El caballo, la independencia y la vida

Pequeña y sudorosa. Su cabeza agachada. Su frente con ceño. Sus ojos cerrados. Con una mano en el hombro del peón y otra en las riendas. Toma un impulso y, después de tantos intentos, logra subirse por primera vez a un caballo. Emprendiendo el viaje que le cambiaría la vida.

Guadalupe, a los 19 años, decidió abandonar su casa. Con el único fin de encontrar su independencia. Y la “forma ideal” fue aceptando ser profesora en una comunidad rural.

De Guaranda partió a las 5:30 a.m., en Flota Bolívar. Pasando todos los pueblitos, después de nueve horas y media de viaje, llegó a Santo Domingo.

Pero, ¡oh sorpresa! Guadalupe no conocía esta ciudad, mucho menos Río Caoní, zona donde iba a trabajar. Al llegar al terminal, pendiente de su maleta, iba de un lado para el otro averiguando a la gente cómo llegar a Río Caoní. Había personas que no conocían. Pero, probablemente, por suerte o por un poder divino “justo” aparece un habitante de dicho lugar, Luis.
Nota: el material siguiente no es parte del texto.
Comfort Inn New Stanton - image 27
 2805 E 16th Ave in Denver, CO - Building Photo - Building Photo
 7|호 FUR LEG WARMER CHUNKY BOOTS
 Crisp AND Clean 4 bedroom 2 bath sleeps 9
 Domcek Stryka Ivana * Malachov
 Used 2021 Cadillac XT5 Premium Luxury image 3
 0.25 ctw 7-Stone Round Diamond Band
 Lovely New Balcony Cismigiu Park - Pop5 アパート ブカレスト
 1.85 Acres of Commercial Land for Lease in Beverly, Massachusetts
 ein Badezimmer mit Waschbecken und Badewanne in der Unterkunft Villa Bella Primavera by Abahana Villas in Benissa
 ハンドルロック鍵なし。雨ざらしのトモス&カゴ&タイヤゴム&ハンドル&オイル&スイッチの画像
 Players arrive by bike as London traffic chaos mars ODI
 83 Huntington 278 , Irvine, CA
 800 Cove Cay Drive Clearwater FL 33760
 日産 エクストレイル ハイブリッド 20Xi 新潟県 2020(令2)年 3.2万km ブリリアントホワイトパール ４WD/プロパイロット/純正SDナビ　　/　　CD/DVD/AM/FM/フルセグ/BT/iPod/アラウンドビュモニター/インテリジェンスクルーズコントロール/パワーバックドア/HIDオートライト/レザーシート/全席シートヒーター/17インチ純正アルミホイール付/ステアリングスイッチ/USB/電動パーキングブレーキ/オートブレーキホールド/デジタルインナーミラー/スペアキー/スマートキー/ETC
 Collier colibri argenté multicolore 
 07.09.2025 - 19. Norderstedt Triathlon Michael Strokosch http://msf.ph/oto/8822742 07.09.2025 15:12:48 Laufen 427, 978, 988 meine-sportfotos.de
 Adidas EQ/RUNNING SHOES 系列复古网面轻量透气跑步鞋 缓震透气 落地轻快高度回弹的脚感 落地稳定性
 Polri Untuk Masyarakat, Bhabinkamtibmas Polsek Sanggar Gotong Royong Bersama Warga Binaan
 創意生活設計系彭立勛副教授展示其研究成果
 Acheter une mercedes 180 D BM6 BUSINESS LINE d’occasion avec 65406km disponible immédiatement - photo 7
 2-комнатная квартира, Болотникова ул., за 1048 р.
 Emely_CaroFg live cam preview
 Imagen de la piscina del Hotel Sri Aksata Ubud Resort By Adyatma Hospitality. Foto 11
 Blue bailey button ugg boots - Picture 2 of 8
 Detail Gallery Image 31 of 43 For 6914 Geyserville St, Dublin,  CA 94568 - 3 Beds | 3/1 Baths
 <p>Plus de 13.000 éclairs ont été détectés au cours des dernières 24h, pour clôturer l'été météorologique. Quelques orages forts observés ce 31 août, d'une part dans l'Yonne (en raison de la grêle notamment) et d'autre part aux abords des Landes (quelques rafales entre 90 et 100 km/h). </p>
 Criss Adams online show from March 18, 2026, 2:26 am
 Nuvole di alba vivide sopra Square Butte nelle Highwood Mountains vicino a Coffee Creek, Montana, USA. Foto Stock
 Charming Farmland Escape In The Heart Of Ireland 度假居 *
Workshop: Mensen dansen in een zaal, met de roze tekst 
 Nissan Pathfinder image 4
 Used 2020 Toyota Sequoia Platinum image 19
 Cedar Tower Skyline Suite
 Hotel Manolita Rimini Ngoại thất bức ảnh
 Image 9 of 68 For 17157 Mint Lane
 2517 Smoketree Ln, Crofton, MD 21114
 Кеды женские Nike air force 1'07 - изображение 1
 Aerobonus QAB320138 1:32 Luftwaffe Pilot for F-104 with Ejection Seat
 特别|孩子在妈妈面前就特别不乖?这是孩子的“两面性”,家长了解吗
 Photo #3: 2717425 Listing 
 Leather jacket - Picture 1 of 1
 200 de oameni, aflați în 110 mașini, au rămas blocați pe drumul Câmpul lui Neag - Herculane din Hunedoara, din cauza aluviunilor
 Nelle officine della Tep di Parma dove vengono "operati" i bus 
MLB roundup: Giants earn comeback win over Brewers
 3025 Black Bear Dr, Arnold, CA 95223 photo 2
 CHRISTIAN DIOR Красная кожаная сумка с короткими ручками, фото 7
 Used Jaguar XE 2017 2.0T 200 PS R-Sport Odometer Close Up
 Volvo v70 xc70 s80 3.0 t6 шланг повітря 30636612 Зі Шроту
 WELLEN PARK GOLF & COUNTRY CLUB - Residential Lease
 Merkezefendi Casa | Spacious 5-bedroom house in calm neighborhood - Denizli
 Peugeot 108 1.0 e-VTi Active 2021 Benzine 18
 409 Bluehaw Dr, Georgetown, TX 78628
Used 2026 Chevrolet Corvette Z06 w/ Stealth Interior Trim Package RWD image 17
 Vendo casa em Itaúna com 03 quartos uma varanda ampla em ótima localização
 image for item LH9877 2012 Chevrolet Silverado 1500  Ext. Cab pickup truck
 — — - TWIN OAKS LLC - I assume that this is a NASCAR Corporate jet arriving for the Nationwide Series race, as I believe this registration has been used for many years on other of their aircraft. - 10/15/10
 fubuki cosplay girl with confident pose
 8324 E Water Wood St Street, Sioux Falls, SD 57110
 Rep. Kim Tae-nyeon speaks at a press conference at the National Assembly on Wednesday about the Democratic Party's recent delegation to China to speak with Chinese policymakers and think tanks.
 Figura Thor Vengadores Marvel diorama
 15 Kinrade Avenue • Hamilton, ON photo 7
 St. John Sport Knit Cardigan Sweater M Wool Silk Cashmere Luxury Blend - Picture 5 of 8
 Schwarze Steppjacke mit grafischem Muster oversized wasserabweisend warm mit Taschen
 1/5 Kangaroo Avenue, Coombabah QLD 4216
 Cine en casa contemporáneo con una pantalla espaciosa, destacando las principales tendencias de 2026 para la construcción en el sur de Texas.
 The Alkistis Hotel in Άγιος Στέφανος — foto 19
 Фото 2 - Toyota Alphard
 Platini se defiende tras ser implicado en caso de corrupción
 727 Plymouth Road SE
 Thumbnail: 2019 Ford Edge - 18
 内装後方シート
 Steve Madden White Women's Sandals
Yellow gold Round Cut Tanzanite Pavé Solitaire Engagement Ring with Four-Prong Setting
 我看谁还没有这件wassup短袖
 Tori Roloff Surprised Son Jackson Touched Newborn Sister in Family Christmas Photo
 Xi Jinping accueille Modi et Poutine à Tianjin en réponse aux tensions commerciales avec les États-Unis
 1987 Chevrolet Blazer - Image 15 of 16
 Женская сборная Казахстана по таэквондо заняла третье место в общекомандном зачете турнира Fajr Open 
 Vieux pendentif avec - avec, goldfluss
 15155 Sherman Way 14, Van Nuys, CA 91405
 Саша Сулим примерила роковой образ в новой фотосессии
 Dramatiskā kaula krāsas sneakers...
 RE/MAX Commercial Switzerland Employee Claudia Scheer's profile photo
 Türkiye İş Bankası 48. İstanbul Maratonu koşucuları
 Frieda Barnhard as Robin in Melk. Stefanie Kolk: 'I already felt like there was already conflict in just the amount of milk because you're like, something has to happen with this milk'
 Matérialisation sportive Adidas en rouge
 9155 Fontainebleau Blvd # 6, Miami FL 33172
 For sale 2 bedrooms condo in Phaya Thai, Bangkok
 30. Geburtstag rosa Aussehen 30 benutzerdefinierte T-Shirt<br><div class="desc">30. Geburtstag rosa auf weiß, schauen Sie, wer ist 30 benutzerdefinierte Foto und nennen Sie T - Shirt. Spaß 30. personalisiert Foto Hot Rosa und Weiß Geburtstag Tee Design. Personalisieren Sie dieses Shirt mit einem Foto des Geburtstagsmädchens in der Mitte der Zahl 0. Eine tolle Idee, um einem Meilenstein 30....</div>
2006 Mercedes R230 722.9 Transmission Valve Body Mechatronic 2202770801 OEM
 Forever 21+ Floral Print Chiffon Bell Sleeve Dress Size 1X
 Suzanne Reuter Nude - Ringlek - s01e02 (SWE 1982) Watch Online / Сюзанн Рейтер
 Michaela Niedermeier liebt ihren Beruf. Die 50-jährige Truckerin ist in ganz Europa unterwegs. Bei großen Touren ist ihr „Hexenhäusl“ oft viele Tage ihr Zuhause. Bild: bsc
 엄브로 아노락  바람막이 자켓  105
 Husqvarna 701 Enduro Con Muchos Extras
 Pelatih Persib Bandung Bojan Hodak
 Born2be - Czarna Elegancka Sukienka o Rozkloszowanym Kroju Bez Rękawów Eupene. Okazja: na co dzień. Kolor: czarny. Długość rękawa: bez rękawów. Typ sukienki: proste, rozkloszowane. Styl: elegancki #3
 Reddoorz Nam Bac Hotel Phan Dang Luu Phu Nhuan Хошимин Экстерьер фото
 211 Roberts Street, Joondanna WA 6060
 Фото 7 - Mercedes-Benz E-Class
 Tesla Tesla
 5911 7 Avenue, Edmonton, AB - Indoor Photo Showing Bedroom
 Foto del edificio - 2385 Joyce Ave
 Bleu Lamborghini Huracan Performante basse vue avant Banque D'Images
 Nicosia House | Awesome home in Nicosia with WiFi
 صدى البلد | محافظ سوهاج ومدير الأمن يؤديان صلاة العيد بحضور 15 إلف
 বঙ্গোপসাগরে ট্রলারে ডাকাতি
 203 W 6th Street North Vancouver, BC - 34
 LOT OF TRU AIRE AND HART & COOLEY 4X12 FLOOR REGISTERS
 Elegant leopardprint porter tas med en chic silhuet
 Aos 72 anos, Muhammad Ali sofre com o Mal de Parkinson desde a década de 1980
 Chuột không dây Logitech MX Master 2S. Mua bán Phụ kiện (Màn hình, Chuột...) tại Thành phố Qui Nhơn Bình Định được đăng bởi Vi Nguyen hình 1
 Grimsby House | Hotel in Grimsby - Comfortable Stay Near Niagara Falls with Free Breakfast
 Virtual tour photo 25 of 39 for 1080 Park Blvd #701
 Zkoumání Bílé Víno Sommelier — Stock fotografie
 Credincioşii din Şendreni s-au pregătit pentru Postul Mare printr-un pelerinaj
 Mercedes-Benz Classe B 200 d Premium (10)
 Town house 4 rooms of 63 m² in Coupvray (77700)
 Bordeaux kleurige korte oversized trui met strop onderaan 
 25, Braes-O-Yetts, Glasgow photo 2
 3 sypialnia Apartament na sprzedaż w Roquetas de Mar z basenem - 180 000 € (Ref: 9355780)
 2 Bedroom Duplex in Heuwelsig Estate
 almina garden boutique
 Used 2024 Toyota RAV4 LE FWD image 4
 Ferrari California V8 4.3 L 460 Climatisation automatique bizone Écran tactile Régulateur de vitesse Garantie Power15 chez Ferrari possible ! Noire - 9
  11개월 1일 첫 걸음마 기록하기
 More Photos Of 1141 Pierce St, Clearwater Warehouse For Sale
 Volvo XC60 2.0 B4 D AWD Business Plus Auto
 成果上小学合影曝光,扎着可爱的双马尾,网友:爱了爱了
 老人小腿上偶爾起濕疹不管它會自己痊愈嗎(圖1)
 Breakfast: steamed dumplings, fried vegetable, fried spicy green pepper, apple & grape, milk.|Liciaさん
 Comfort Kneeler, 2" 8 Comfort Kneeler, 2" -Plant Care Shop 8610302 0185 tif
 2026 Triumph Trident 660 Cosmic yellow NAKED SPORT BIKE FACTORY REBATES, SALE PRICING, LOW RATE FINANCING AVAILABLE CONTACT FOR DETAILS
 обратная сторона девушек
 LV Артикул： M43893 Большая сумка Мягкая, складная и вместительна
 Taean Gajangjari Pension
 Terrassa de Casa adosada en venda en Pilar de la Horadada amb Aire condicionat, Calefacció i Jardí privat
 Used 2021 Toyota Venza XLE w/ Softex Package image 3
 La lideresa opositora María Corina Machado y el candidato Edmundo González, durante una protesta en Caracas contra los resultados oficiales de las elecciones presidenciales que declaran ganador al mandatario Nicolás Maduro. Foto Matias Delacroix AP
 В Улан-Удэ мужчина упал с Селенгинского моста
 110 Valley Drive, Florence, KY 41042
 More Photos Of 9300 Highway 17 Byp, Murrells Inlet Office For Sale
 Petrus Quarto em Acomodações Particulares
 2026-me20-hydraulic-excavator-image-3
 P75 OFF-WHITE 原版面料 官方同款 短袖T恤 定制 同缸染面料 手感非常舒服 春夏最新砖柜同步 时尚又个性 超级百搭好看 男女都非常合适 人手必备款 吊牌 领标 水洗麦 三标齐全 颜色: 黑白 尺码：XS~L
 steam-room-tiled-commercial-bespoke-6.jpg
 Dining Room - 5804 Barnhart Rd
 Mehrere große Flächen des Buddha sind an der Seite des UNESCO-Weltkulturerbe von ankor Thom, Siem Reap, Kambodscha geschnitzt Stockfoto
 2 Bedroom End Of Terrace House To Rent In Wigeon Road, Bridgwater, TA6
Luis se ofrece a llevarla. De Santo Domingo al Km. 48 (la Independencia) en la cooperativa de buses La Ranchera. De la Independencia a la Abundancia “jalando dedo”, ya que los buses solamente pasaban en la madrugada. De la Abundancia a la Caoní en caballo. Montada en el equino con Luis pasó el río Sábalo y finalmente a su destino, el Río Caoní.

En un pueblo. Lleno de casas de madera. Alumbrado por mecheros. La familia Loor recibió a la nueva profesora con un fuerte abrazo y una gran sonrisa en su rostro. Los Loor eran los que presidían la comunidad. Por lo tanto fueron los encargados de ofrecerle techo a Guadalupe.

Subiendo una escalera, Guadalupe, ingresa a un cuarto grande, considerado como casa. Donde las telas cumplían las funciones de muros. Dividían al espacio en sala, cocina y dormitorio tanto para los niños como para sus padres. Guadalupe tuvo que acostumbrarse a dormir en litera, con uno de los tres hijos de los Loor.

Antes de dormir, un plato de yucas con la infaltable guanta y unos muchines de choclo (tortilla con queso) con un negro café pasado, la señora Estersita Loor le dio a Guadalupe. Quizá, para ella, ésta también, era una forma de agradecimiento por su llegada.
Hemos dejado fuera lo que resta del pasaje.